Preferably, performing edit distance computation (10) on the sub-string further comprising steps of computation on the unmatched string (12) to determine the order of the sub-string by sequential weighted string order (11 ) using an arrangement unit.
Preferably, tagging the unmatched string (17) with the computation results further comprising steps of optimizing at least one ratio between the parallel adaptive edit distance operation results and the sequential weighted string order results. BRIEF DESCRIPTION OF PREFERRED EMBODIMENT
The invention will now be described in greater detail, by way of example with reference to the drawings, in which ;
Figure 1 illustrates the System Architecture of the adaptive-window edit distance algorithm.
Figure 2 illustrates the Process Flow for performing computation using adaptive-window edit distance algorithm.
Figure 3 illustrates the Process Flow of extracting at least one unmatched string.
Figure 4 illustrates the Process Flow of splitting the unmatched string and removing unmatched string.
Figure 5 illustrates the Process Flow of updating the weighted order parameters for matching of sub-strings. Figure 6 illustrates the Process Flow of updating the weighted order parameters for non- matching of sub-strings.
DETAILED DESCRIPTION OF THE PREFERRED EMBODIMENTS
As illustrated in Figure 1 , the system for performing computation using adaptive-window edit distance algorithm comprising a control processing unit (1 ) connected to Random Access Memory (7), Parallel computation acceleration device (5) and Input Output Hub (3) via Memory Hub (6), wherein the Memory Hub (6) is coupled to a storage unit (2) and at least one Input Device (4).
The parallel computation acceleration device (5) further comprises a match filtering scoping unit to extract a first string from at least one reference list that is most similar to a second string from at least one search list for matching operation, a eliminator unit to extract at least one unmatched string from the first string and second string, a comparator unit to compute the unmatched string, in which the unmatched string are split to at least one sub-string using a space character and eliminate at least one patronymic character and at least one edit distance adaptive window determining unit to prepare for adaptive window setting based on the unmatched string and to calculate adaptive distance values on at least one critical path.
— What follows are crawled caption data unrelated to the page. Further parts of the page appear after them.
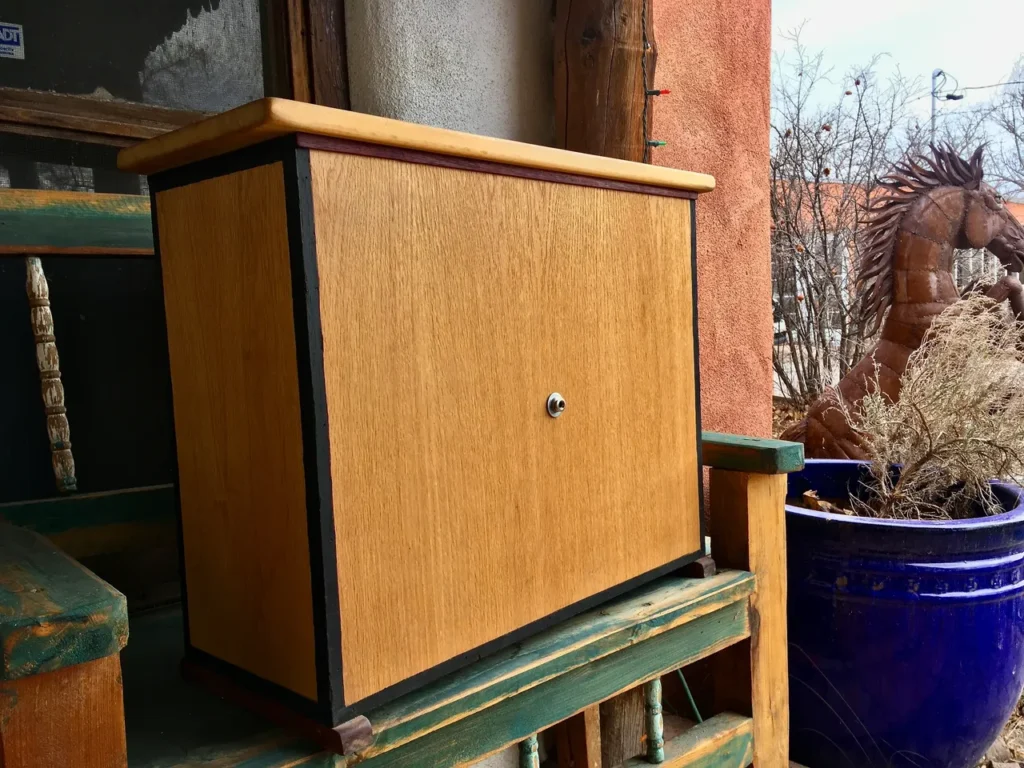 A wooden cabinet sitting on a wooden bench, accompanied by an African drum.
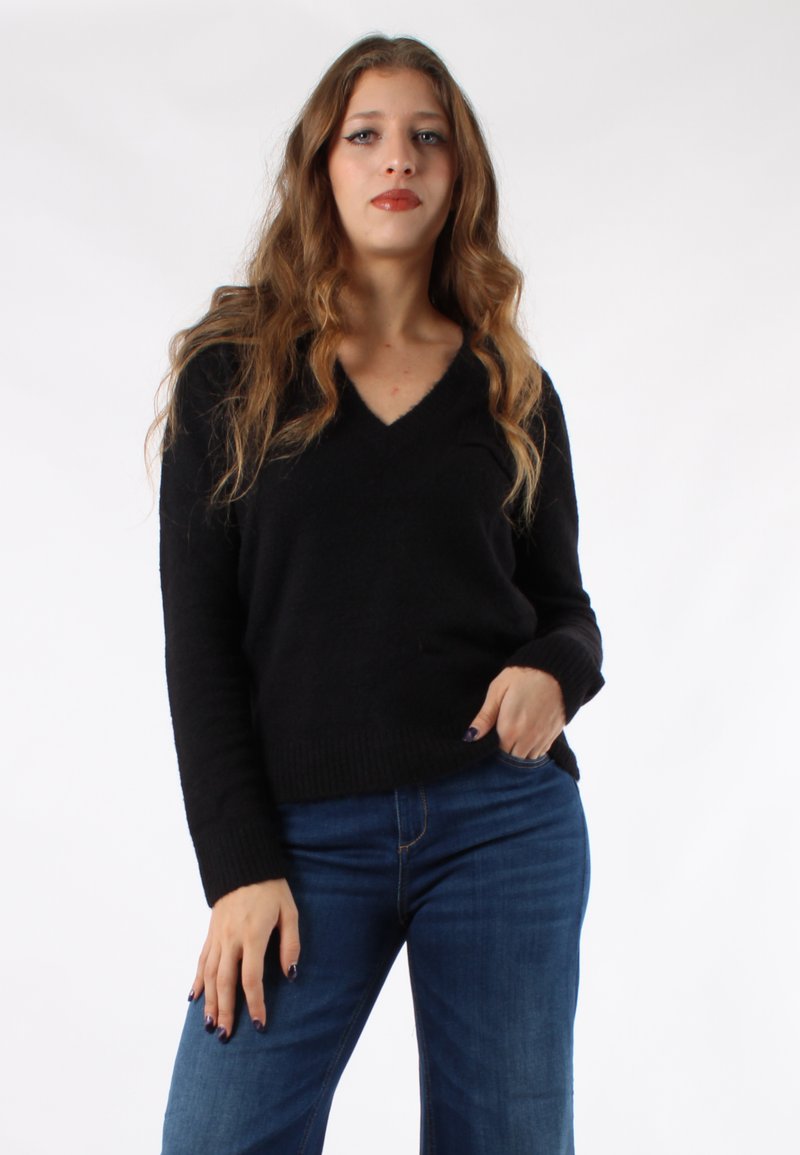 Maglione nero a collo a V realizzato in un morbido tessuto testurizzato, abbinato a jeans blu. Il maglione presenta polsini e orlo a costine.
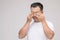 Eye irritation concept : Portrait of Asian man in posture of eye tired,  irritation or problem about his eye. Studio shot isolated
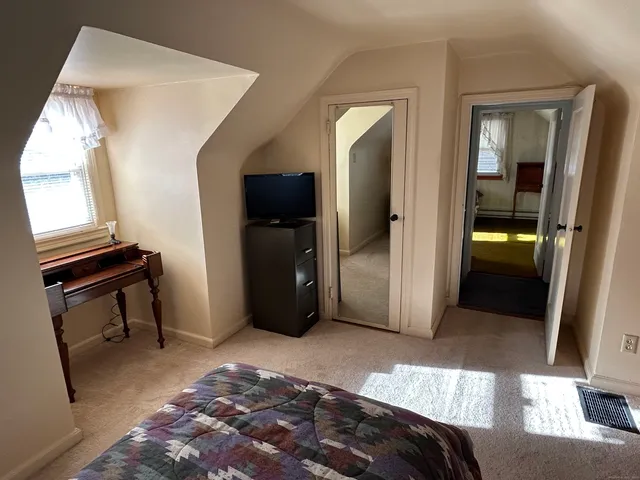 a bedroom with a bed and a mirror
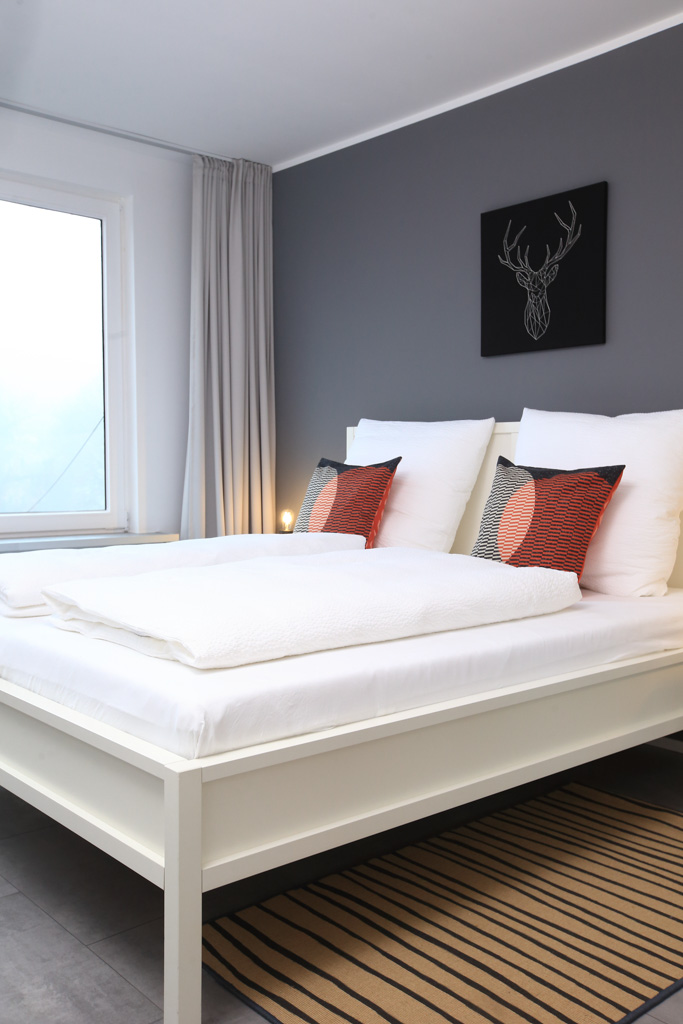 Schlafzimmer eines Ferienhauses in Wuppertal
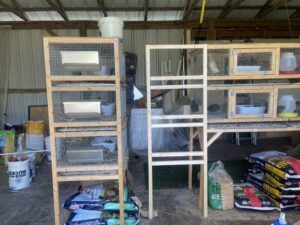 complete frame end of quail cage leaning up against a completed quail cage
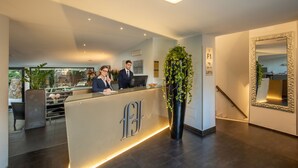 A reception desk with a modern design, a large potted plant, and a mirror with an ornate frame. - Fragrance Hotel St. Peter (Rome)
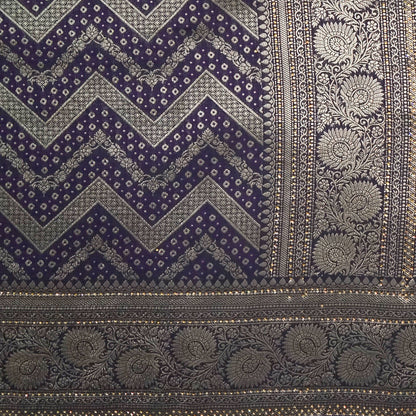 Tarani Silk saree in royal deep purple shade with a rich golden zari weave.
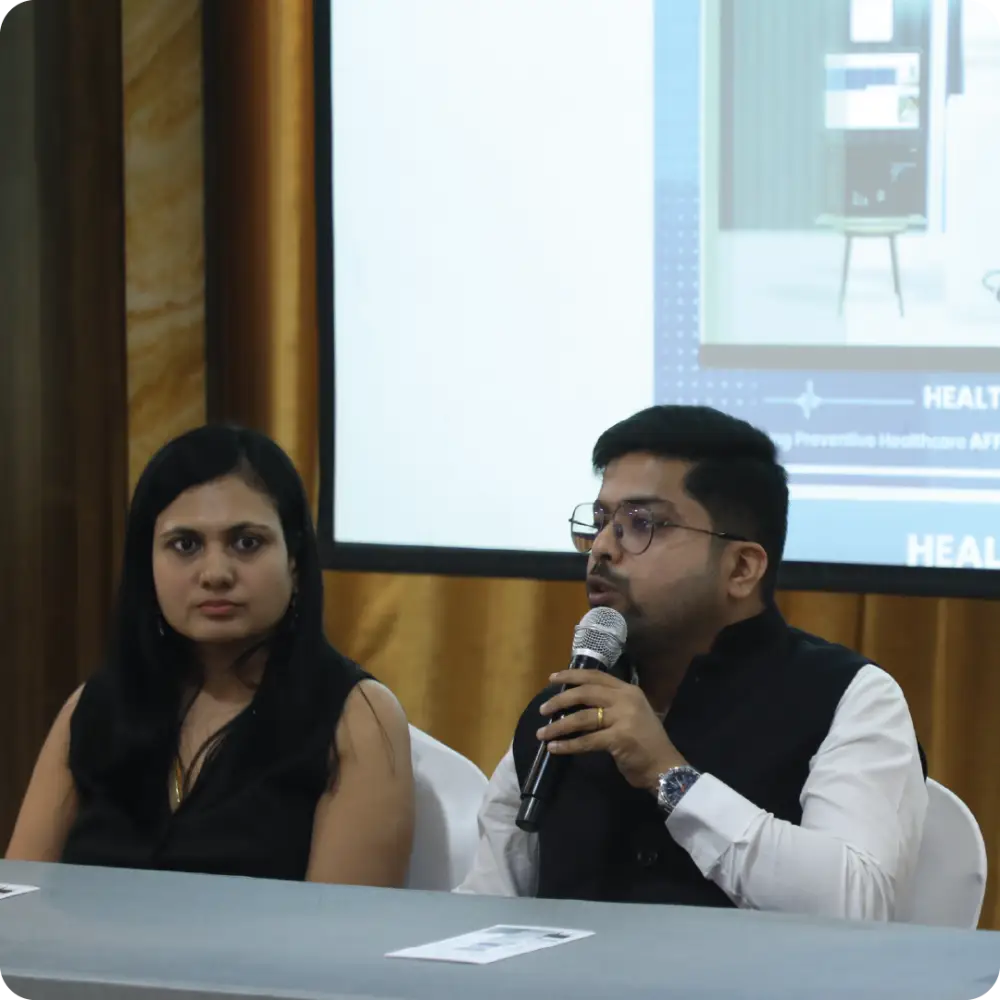 Abhay Agarwal speaking into a microphone on a panel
The request for matching is received by control processing unit (1 ) and sent to the parallel computation device (5) for accelerated processing via Memory Hub (6).
Then, a Data (compressed or uncompressed) from a storage unit (2) is transferred via Input Output Hub (3) and Memory Hub (6) to the parallel computation device (5) for accelerated processing.
The process flow of the parallel computation acceleration device is illustrated in Figure 2. As illustrated in Figure 2, the process is initiated by segmenting the string into substrings to do the comparison for each sub-string. Firstly, the parallel exact match comparison will be executed to filter out the 100% matches. From the system point of view, the data input table comes from a specified database called inputl and input2 (8).
Further illustrated in Figure 2 and 3, the fields/columns compared should be equivalent e.g. Names vs Names. Number of fields / columns is not specified as to make it general. For this example we take only 1 column from each table, which is the full name column. The invention will then sort the 2 input columns, filter out the exact matches records from the 2 columns by comparing each record and only keep the records not matched 100% in the input for further processing (9).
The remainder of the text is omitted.